Pensa, pensa la buona Rosa, e invece di porre sotto cenere quella pasta immaginò di gittarla nel pajuolo che aveva a fuoco levandovi l’acqua; la prova riescì, ma la pasta indurì presto, sentiva dell’abbrustolito, e il caldaretto abbruciava: per salvarlo Rosa un’altra volta vi mesce dell’acqua, e la pasta cuoce in un modo nuovo, si forma una vivanda che non è dura come il pane, ma è consistente, soffice e saporita. L’ammalato la ciba, la digerisce, e prende appetito. Rosa rinnova a un altro dì l’esperimento, il marito ne mangia e migliora, e in pochi giorni racquista le forze smarrite: si leva dal letto, esce di casa, corre la montagna: in breve si fece grasso e forte come prima.
Tutti meravigliano, gli chiedono come l’andasse, ed ei risponde essere la medicina di sua moglie, e intanto lo vedevano far ogni dì miglior cera. Anche la Rosa cibava la nuova vivanda, e fosse la tregua de passati affanni, fosse la Polenta, rimise carne, e si fe’ lucida e bella più che mai.
[465] Tutti volevano sapere di questa medicina, ed anche il marchese ne era curioso: Rizzino lo narrò, ma non vi credevano, perchè pareva loro che quella farina non potesse riescire di buon sapore che cotta al forno o sotto la bragia; allora Rizzino li invitava a cibare quella vivanda a casa sua e ne uscivano leccando le labbra.

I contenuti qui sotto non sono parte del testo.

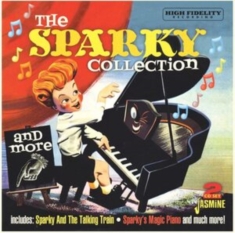 Sparky Collection The - Sparky And The Talking Train, Spark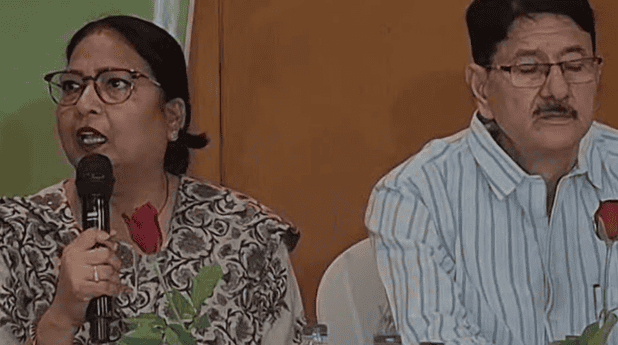 पटना में कांग्रेस में बगावत: टिकट वितरण पर हंगामा, ‘टिकट चोर गद्दी छोड़ो’ के नारे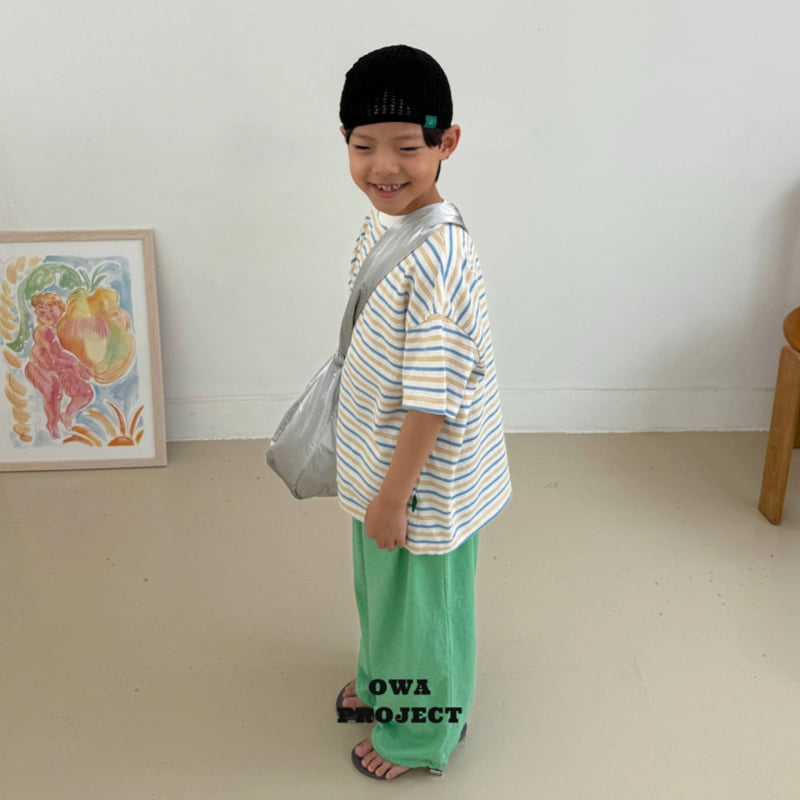 O Wa - Korean Children Fashion - #childrensboutique - Colorful Pants - 12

Molti il pregavano perchè la moglie insegnasse loro a cuocere la nuova pietanza; veramente esso non ne aveva gran voglia, ma si arrese quando il curato gli disse che i benefizj devono essere comuni, e che un buon galantuomo deve fare parte agli altri del proprio. Allora fu stabilito che un giorno di domenica Rosa la cucinerebbe in presenza di tutti. Il marchese fe’ preparare in castello un bel pajuolo, un bel fuoco e la farina, è chiamò intorno i suoi vassalli e servi, e la donna ajutata da Rizzino, fece la buona vivanda, e tutti ne mangiarono come se fosse manna, e le diedero tante lodi ed evviva che più non si poteva. Tutti dissero che quella pietanza era il cibo dei poveri, e la chiamarono Polenta, perchè simile a quella che si usava fare colla farina bianca.
Traevano gente da ogni parte a vedere la donna di Rizzino, e volevano avere da lei istruzione del modo di fare la Polenta. Per alcuni anni si tenne una festa, nella quale in sulla piazza della chiesa si cuoceva la Polenta, e si mangiava in comunione; e dura tuttavia sulla montagna caro a tutti il nome della buona Rosa.